Work task:
Write out exactly the lines running from the one with "Salt Shaker Set" to the end of the data, including both of those lines and excluding pictures.
##### Dataset extract
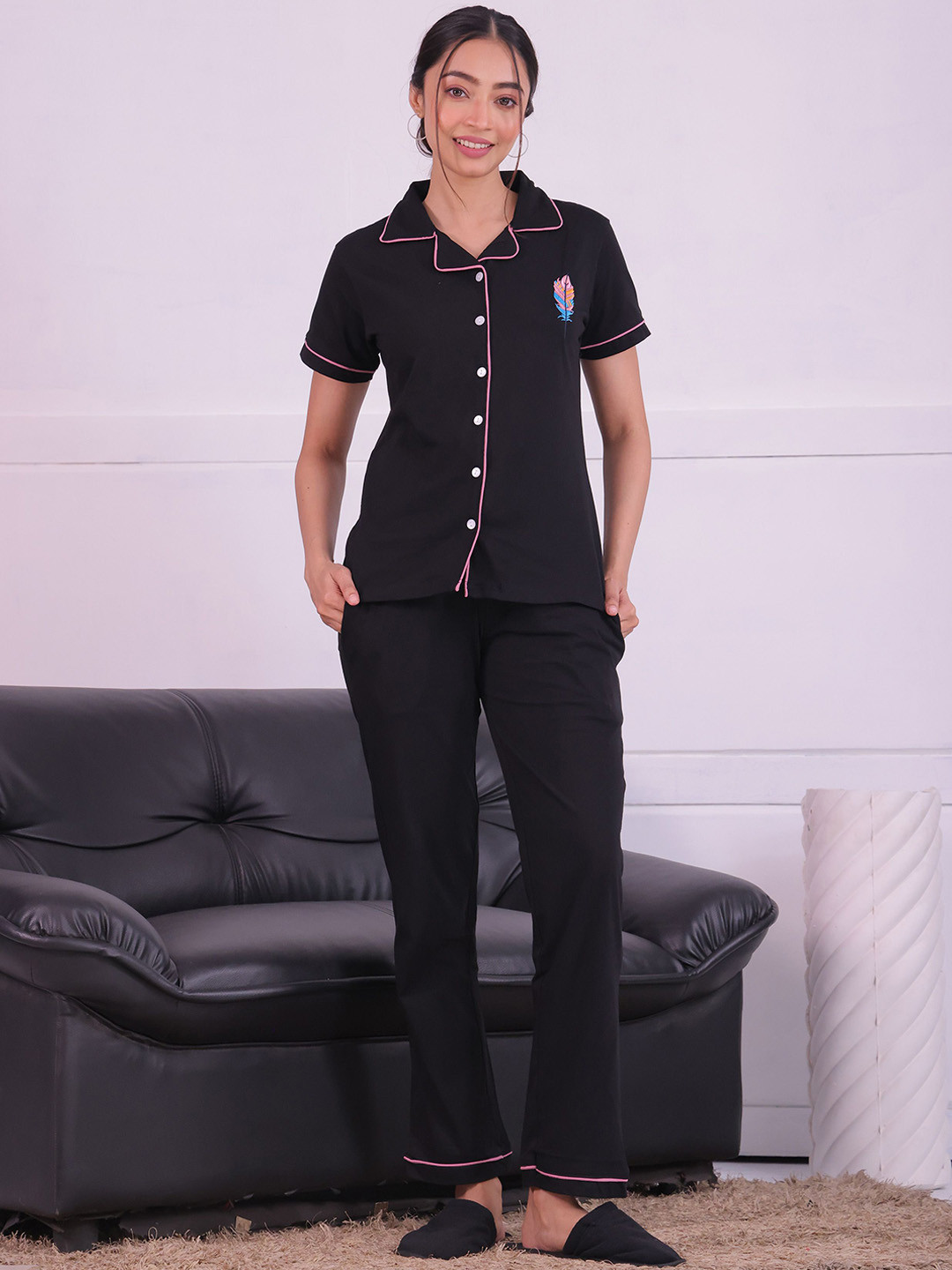 NAP STORY Feather embroidery Half Sleeves Shirt and Pyjama Nightsuit Set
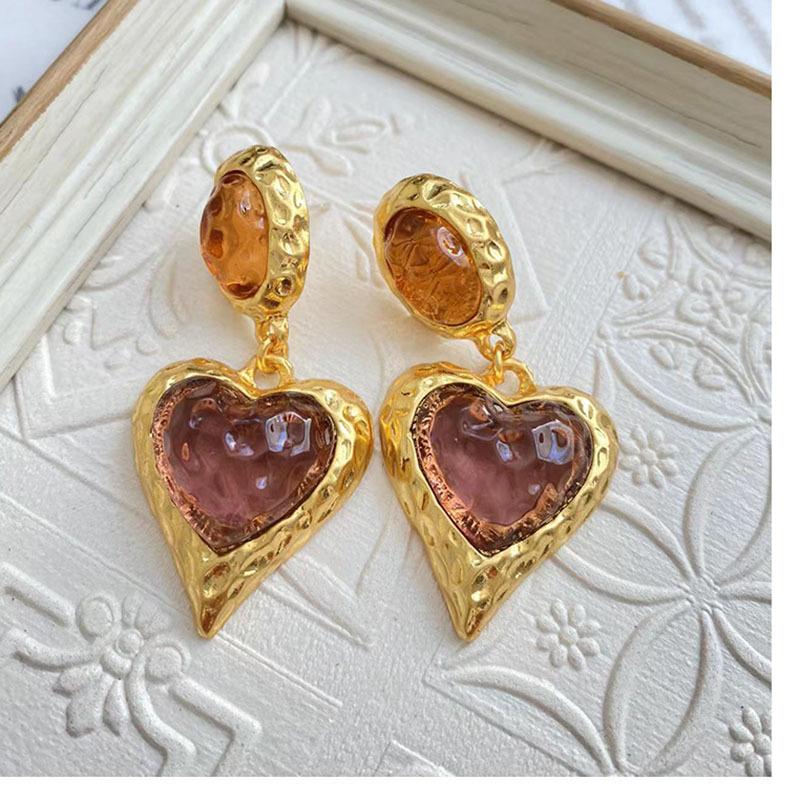 Real Gold-plated Hand-fired Lava Glazed Love Pendant Earrings, Macaron Candy-colored Earrings 925 Earrings.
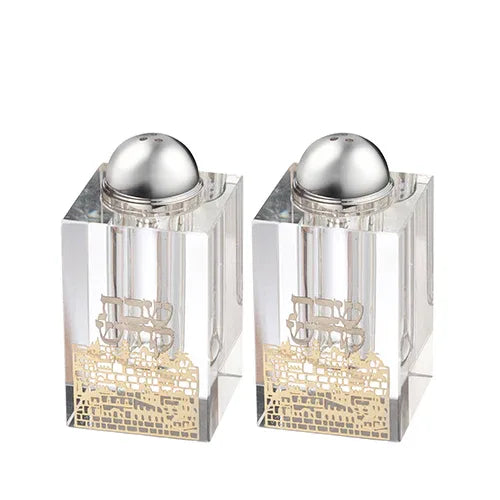 Salt Shaker Set - Crystal Jerusalem Design - Orot Judaica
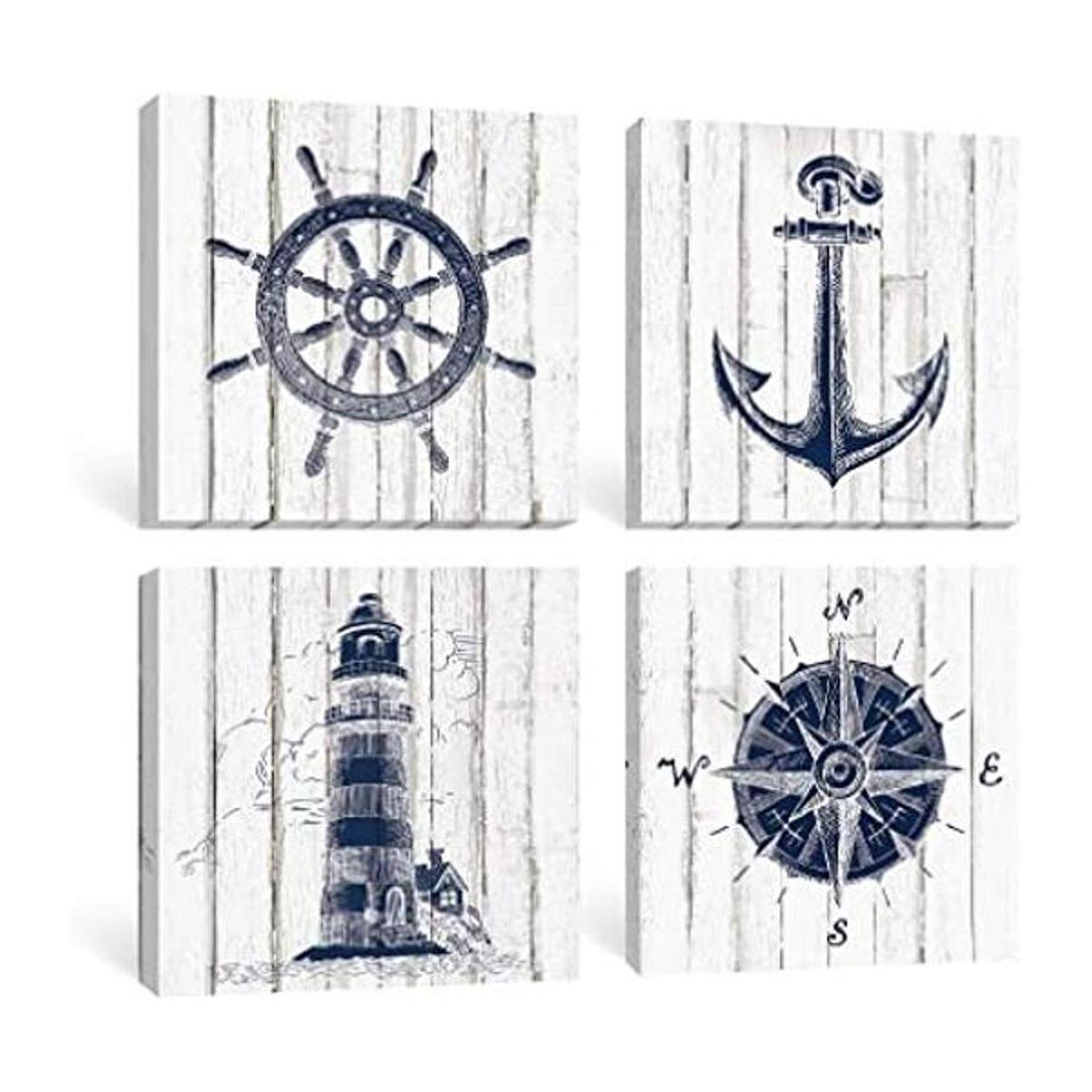 Adecuado Arte de pared náutico para la playa decoración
##########
Response below:
 Salt Shaker Set - Crystal Jerusalem Design - Orot Judaica
 Adecuado Arte de pared náutico para la playa decoración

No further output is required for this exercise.